Turns, at least at first, were taken with a conscious awareness and overcompensation for the size and angle of the protruding trailer, and I made damn sure that any approaching 747 could safely land in the space between my S500 and the car in front of me. I promised myself I’d do five miles per hour under the speed limit and like it.

As I approached the entrance for I-95, the road I’d be on for the next 800 miles until my end-of-day stopover, I pulled over at a gas station to check if everything was more-or-less tight. I pulled on straps, yanked chains, kicked tires, and gave the whole undercarriage a good once-over to make sure that I wasn’t Exxon Valdez-ing the road behind me. Good on all counts.

Pulling the wood-and-leather shifter into the only forward drive mode the German luxobarge had, I pinky-toed the accelerator to get the 6,000 lb. mass moving under its own power. The car made some mildly concerning creaks, followed by a sensation that felt almost like acceleration, just not as brisk.
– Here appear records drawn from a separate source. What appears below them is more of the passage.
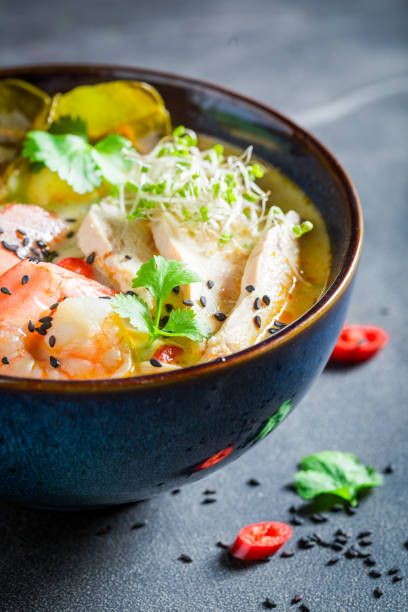 istock Hot Malaysian Soup with prawn and coconut milk 858674594
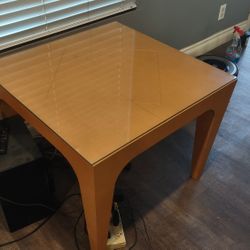 Wooden Table With Glass Top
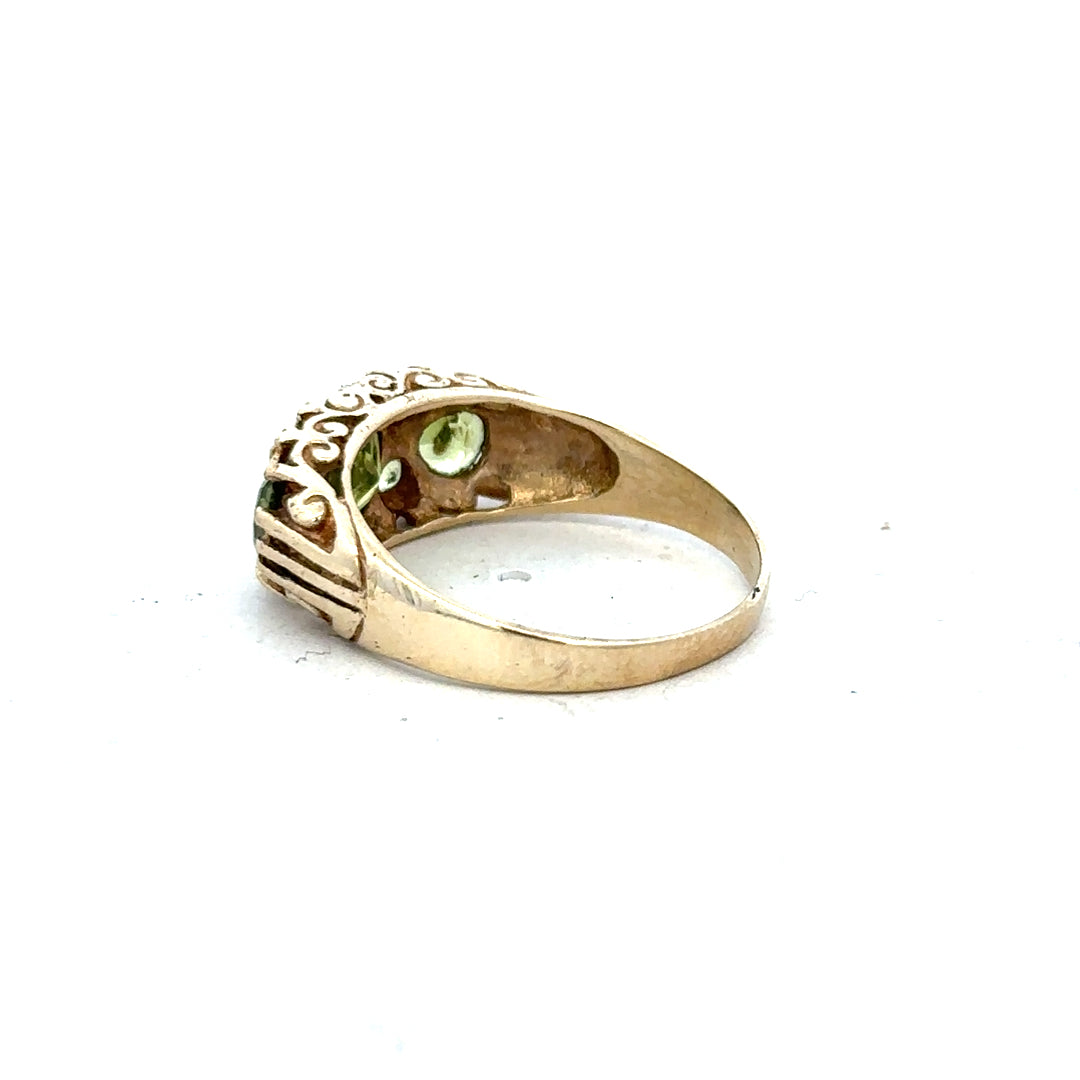 9ct yellow gold ring size P1/2 with a smooth band, unbranded, shown in a close-up view on a plain background.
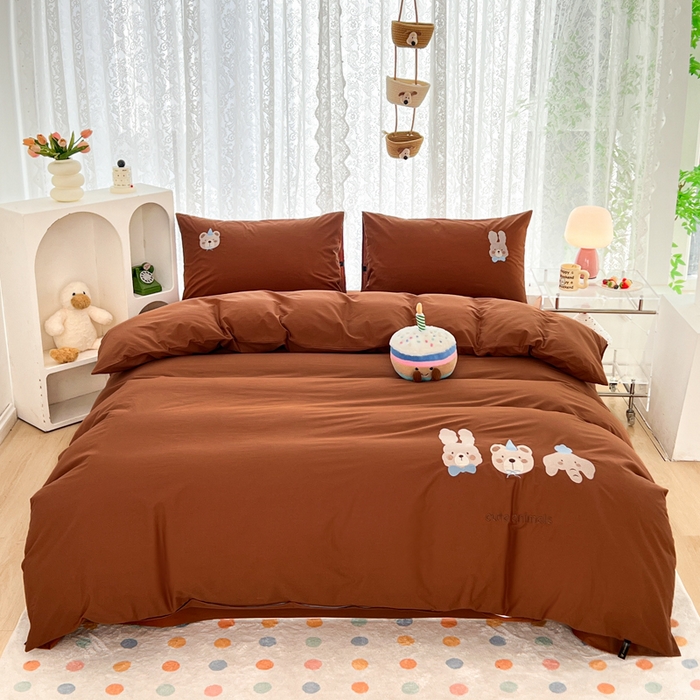 91家纺网 家纺一手货源 找家纺 曼町家居 2025春夏新款40支全棉纯棉水洗棉刺绣四件套 元气星喵-复古咖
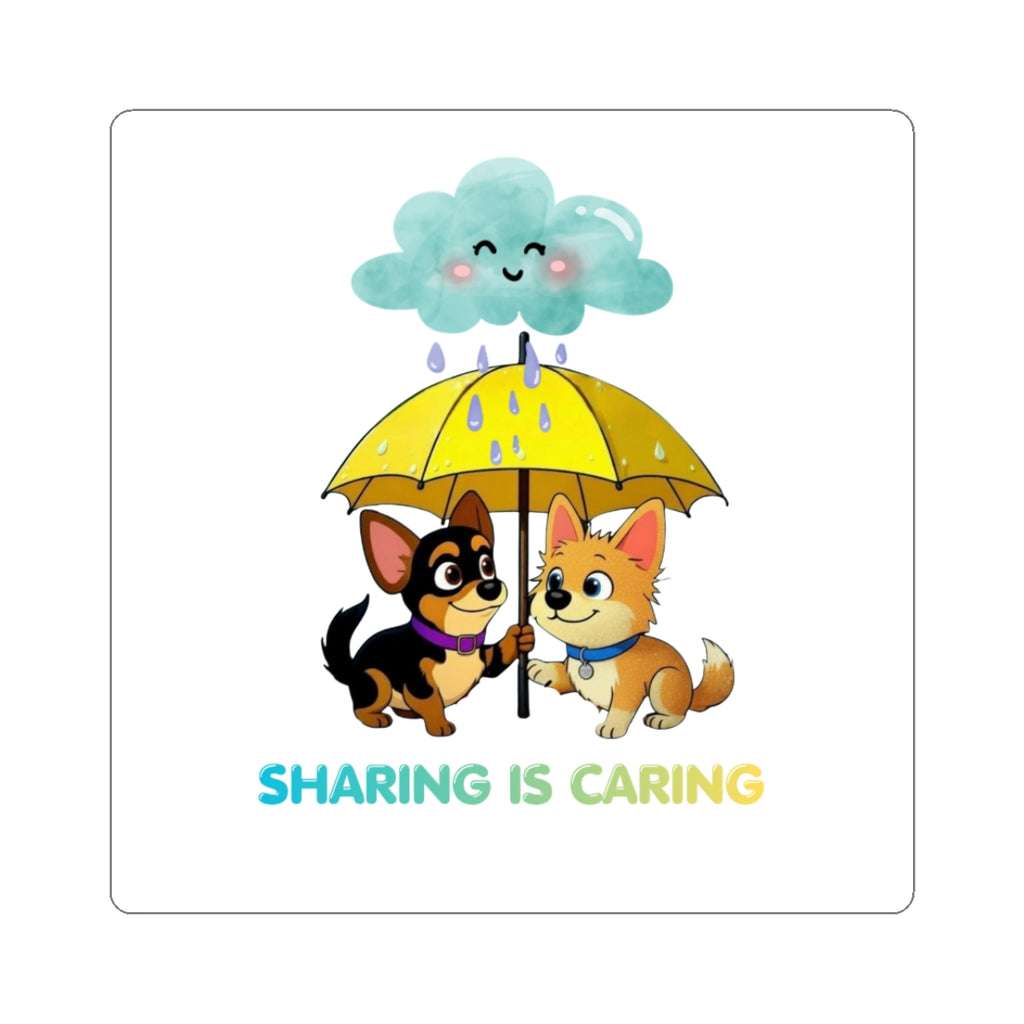 Kiss-Cut Sticker — Candy and Peeps Sharing Umbrella "Sharing Is Caring"
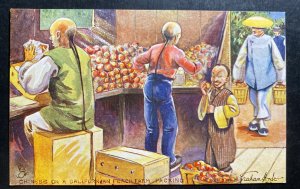 Mint Picture Postcard Chinese On A Californian Peach Farm Packing China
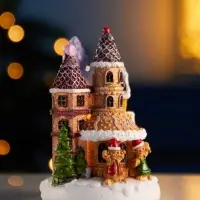 Фигура светодиодная "Пряничный замок" 10х7 см, 4 LED, LR41x3 (в компл), Т/БЕЛЫЙ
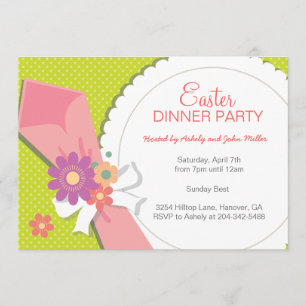 Invitations florales de dîner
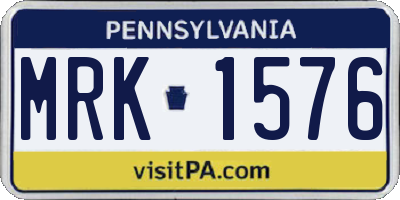 PA license plate MRK1576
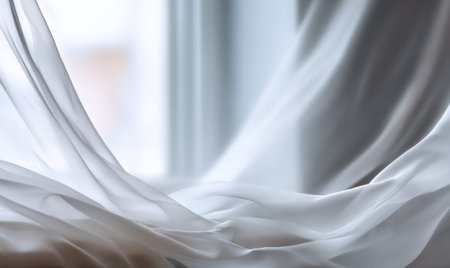 A white sheet of fabric is blowing in the wind. The sheet is white and has a patternの素材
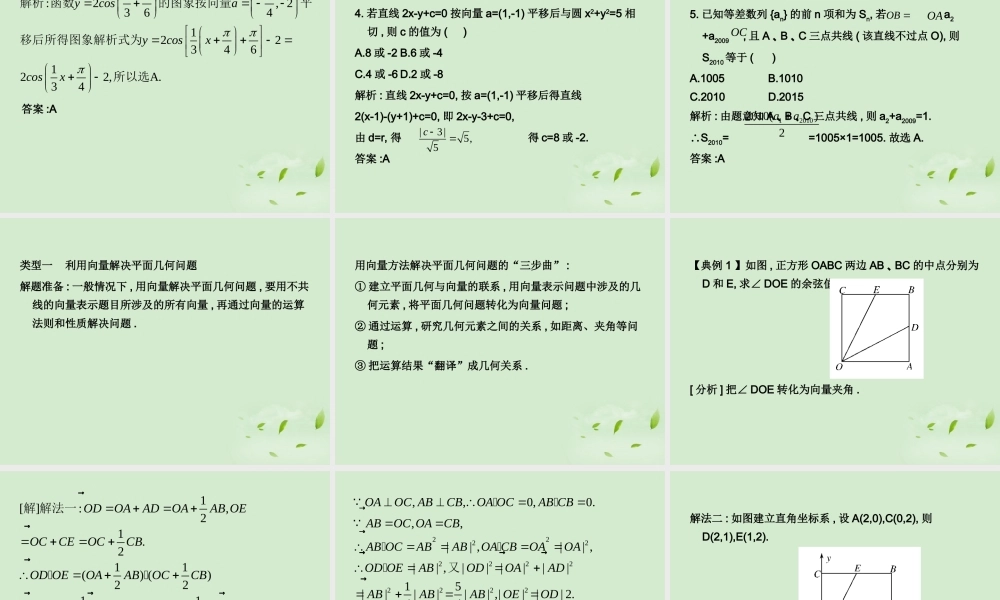 (走向清华北大)高考总复习 平面向量的应用课件
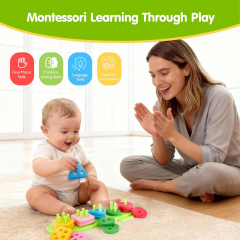Silicone Blocks for Toddlers 1-3 - Montessori Toys,Silicone Blocks for Toddlers 1-3 - Montessori Toys for 1 Year Old Sensory Toys, Color Sorting and Stacking Toy Soft Textured Educational Learning Toddler Baby Toys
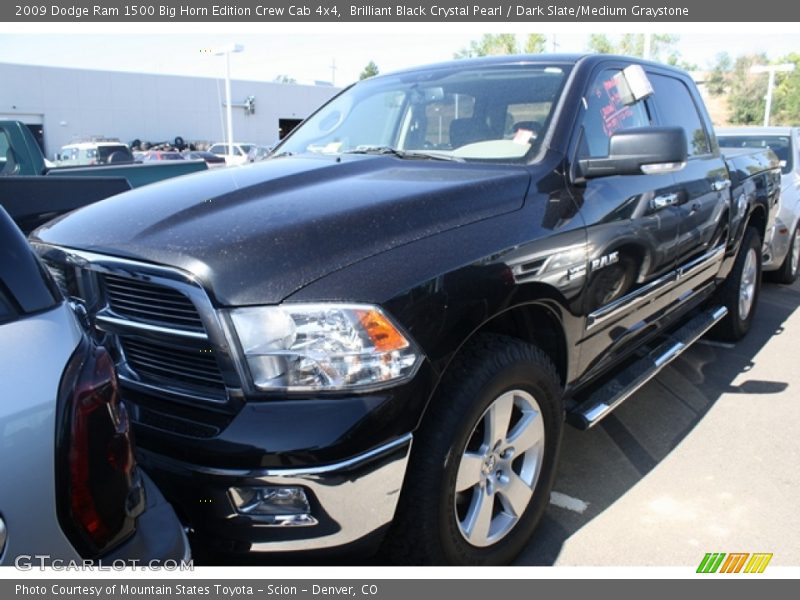 Brilliant Black Crystal Pearl / Dark Slate/Medium Graystone 2009 Dodge Ram 1500 Big Horn Edition Crew Cab 4x4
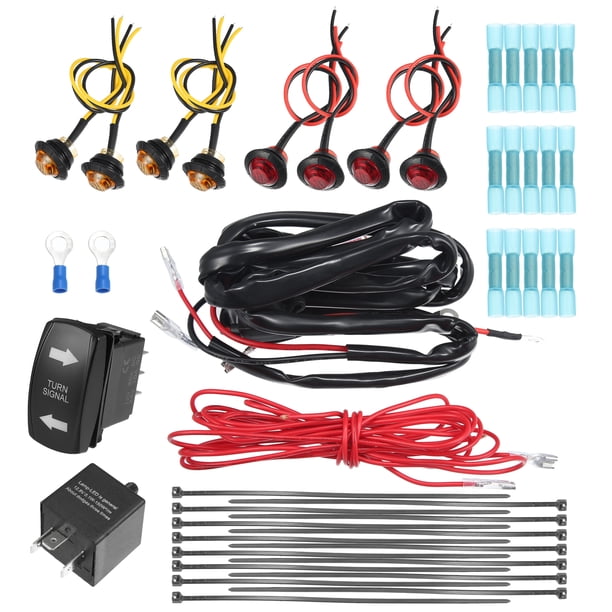 Interruptor basculante Universal, señal de giro, Kit legal de calle, luz de señal de giro para ATV UTV, arnés de relé intermitente de señal de giro lateral a lado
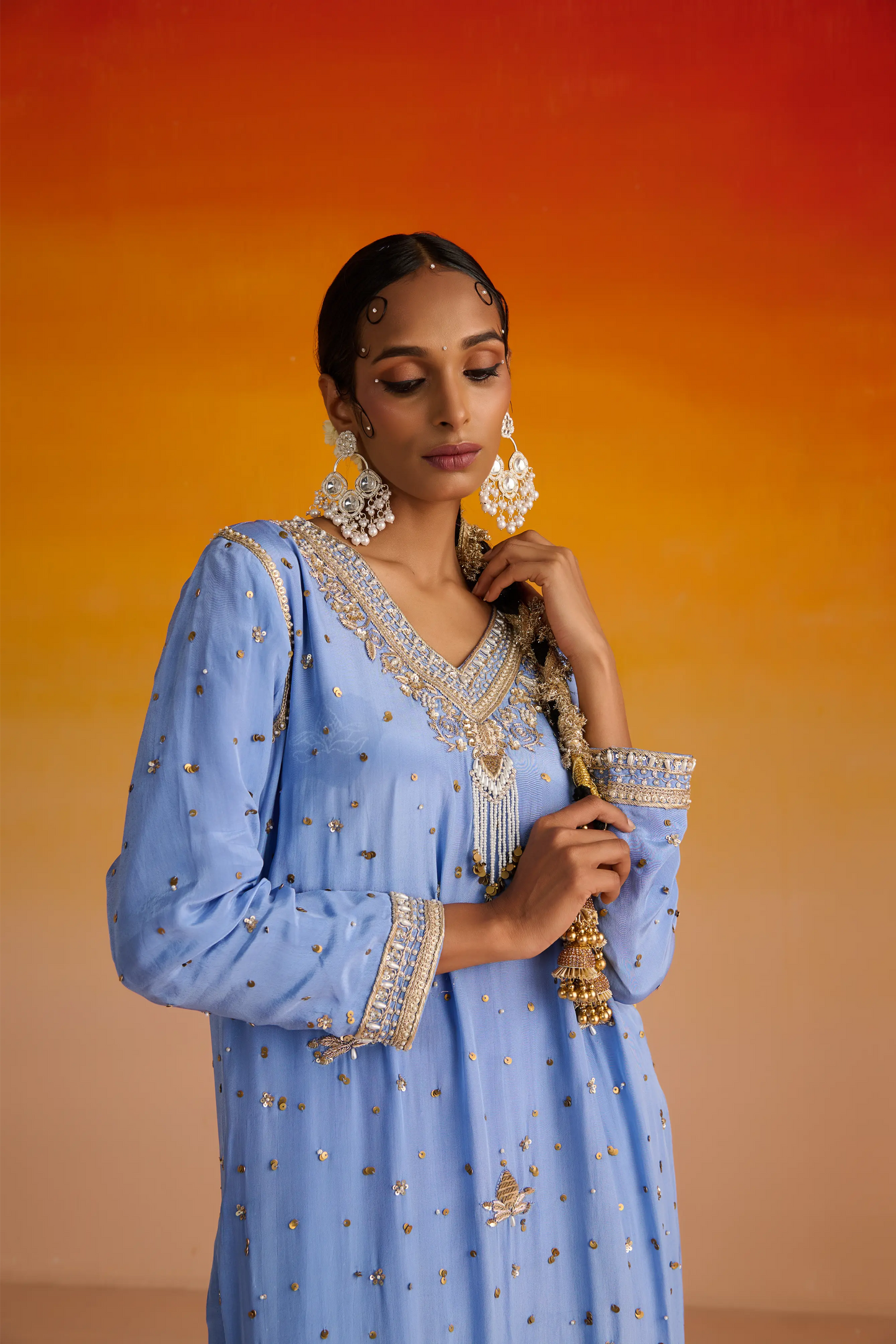 Blue Crepe Hand Embroidered Kurta Set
The manufacturer’s zero to 60 mph time would’ve been a wild fever dream at that point, but that didn’t matter, because I just needed to get on the highway. Any pedal work after that would’ve just been to maintain momentum, of which I had, in scientific terms, oodles of. At speed, the trailer made its weight known, but not to the extent where it was a wayward nuisance on the road, it simply required some attention in the same way that hauling a twine-strapped mattress on your roof would. Probably fine, but you’ll still drive with your hand glued to the roof just in case.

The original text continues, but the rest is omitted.